The CJEU has now, on 6 March 2014, handed down its eagerly awaited decision in
Case C-409-12, Backaldrin Osterreich The Kornspitz Company concerning the
genericism of a trade mark (Kornspitz for foodstuff) in a case where the
sellers (here: bakers) of a product (here: Kornspitz bread rolls) made using the
material (here: prefabricated dough) supplied by the proprietor of the trade
mark (here: the claimant) do not generally inform their customers (here:
consumers buying bread in a bakery) that the sign (here: Kornspitz) used to
designate the product in question (here: bread roll) has been registered as a
trade mark; see the earlier IPKat post on the AG's opinion here.

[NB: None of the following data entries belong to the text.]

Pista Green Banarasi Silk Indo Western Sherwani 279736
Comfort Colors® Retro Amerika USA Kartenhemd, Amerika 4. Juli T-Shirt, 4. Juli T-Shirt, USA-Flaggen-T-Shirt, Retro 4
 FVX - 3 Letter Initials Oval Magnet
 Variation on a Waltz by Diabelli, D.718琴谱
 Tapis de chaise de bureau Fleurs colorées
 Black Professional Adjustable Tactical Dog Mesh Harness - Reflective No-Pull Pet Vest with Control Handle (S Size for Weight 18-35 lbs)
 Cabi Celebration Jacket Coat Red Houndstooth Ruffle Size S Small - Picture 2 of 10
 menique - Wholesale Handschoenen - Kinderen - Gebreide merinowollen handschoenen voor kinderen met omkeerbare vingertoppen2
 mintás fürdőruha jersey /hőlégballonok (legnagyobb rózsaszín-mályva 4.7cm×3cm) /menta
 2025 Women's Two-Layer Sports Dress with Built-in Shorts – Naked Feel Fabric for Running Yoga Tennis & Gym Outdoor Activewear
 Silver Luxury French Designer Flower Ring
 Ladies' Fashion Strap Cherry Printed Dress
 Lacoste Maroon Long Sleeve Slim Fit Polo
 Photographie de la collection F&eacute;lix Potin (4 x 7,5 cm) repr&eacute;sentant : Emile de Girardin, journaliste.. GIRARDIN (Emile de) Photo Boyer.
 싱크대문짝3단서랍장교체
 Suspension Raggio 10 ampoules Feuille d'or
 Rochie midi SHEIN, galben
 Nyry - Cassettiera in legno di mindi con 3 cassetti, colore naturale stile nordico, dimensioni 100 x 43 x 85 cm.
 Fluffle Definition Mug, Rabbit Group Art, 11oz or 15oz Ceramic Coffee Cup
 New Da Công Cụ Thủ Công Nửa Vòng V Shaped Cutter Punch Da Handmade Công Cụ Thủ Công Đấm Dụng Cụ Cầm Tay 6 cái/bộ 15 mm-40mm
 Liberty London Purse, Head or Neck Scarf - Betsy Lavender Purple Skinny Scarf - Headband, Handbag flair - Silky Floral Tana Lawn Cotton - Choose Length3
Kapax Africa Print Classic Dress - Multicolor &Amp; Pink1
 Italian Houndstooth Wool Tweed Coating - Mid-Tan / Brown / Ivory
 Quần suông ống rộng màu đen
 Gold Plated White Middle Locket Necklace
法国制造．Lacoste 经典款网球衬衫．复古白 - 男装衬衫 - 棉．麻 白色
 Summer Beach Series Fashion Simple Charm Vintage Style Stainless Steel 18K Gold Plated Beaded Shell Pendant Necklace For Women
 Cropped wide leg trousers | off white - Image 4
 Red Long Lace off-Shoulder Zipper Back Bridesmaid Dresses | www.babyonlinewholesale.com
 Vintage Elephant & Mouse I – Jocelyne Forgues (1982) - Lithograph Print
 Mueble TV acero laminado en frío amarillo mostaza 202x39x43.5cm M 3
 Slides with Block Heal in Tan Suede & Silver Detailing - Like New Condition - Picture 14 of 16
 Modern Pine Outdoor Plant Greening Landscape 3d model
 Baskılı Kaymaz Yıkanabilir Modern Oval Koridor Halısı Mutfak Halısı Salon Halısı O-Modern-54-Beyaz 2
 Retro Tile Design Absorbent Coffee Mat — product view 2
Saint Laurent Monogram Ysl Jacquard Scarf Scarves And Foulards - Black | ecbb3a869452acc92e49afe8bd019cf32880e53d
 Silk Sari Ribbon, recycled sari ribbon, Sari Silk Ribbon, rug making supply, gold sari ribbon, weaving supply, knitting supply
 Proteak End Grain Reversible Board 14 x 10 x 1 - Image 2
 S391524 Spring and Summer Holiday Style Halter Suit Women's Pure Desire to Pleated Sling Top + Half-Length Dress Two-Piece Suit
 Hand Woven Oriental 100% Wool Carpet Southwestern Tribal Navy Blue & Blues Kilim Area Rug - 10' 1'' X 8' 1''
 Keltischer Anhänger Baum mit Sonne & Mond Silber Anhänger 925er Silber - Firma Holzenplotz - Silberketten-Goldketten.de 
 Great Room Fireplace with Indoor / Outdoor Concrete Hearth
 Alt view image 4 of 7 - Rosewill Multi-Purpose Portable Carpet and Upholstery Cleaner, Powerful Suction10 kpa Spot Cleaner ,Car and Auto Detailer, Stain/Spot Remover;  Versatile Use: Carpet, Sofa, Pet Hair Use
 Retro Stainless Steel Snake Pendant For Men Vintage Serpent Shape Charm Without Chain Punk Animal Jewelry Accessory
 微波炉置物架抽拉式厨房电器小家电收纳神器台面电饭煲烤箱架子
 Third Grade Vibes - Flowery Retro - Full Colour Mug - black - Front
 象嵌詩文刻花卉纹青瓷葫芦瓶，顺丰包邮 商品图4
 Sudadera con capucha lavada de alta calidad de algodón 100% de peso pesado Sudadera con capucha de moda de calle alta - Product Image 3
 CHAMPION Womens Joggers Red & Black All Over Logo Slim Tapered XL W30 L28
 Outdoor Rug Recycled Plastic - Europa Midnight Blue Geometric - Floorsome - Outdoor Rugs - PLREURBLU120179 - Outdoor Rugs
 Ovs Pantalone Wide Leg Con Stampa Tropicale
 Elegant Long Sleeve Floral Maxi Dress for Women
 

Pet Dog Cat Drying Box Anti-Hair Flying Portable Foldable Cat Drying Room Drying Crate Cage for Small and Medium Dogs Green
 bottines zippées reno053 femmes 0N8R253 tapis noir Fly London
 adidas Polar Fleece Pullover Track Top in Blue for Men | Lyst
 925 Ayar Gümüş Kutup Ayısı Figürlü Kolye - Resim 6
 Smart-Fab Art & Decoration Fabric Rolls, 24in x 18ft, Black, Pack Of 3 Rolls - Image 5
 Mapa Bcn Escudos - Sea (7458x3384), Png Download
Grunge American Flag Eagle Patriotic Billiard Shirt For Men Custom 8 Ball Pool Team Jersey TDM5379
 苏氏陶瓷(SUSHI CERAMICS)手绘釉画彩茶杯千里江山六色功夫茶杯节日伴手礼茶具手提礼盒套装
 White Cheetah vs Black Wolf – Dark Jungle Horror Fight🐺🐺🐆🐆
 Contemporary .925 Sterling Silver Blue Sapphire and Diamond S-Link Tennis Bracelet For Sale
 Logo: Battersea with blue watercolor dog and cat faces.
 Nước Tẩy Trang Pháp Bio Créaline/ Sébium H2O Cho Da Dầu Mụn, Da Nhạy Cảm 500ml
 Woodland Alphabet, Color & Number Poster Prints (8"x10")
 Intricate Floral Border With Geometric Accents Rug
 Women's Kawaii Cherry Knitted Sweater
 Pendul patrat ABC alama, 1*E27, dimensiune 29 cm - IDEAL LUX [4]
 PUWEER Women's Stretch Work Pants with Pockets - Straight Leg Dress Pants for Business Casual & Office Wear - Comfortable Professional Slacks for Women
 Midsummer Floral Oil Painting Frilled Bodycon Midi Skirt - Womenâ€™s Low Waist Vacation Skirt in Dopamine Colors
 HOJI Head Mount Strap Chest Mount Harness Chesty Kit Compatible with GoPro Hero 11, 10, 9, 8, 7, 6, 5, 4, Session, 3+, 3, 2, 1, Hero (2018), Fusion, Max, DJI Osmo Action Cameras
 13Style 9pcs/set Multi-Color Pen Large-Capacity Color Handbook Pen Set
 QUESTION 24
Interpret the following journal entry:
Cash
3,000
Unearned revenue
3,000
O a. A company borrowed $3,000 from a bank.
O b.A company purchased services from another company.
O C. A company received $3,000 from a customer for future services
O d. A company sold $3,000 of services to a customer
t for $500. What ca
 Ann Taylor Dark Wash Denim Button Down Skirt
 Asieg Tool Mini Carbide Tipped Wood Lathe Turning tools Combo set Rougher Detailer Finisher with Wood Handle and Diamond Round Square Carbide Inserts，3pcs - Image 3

“… the end users of … the bread rolls known as ‘KORNSPITZ’, perceive that word sign as the common name for that product and are not, therefore, aware of the fact that some of those bread rolls have been made using a baking mix supplied under the trade mark KORNSPITZ by a particular undertaking”; (Paragraph 23).The bakers did not generally inform their customers that the sign ‘KORNSPITZ’ was a registered trade mark, did not generally, at the time of sale, offer their customers assistance which includes an indication of the origin of the various goods for sale:
“… whether a trade mark has become the common name in the trade for a product or service in respect of which it is registered must be assessed not only in the light of the perception of consumers or end users but also, depending on the features of the market concerned, in the light of the perception of those in the trade, such as sellers.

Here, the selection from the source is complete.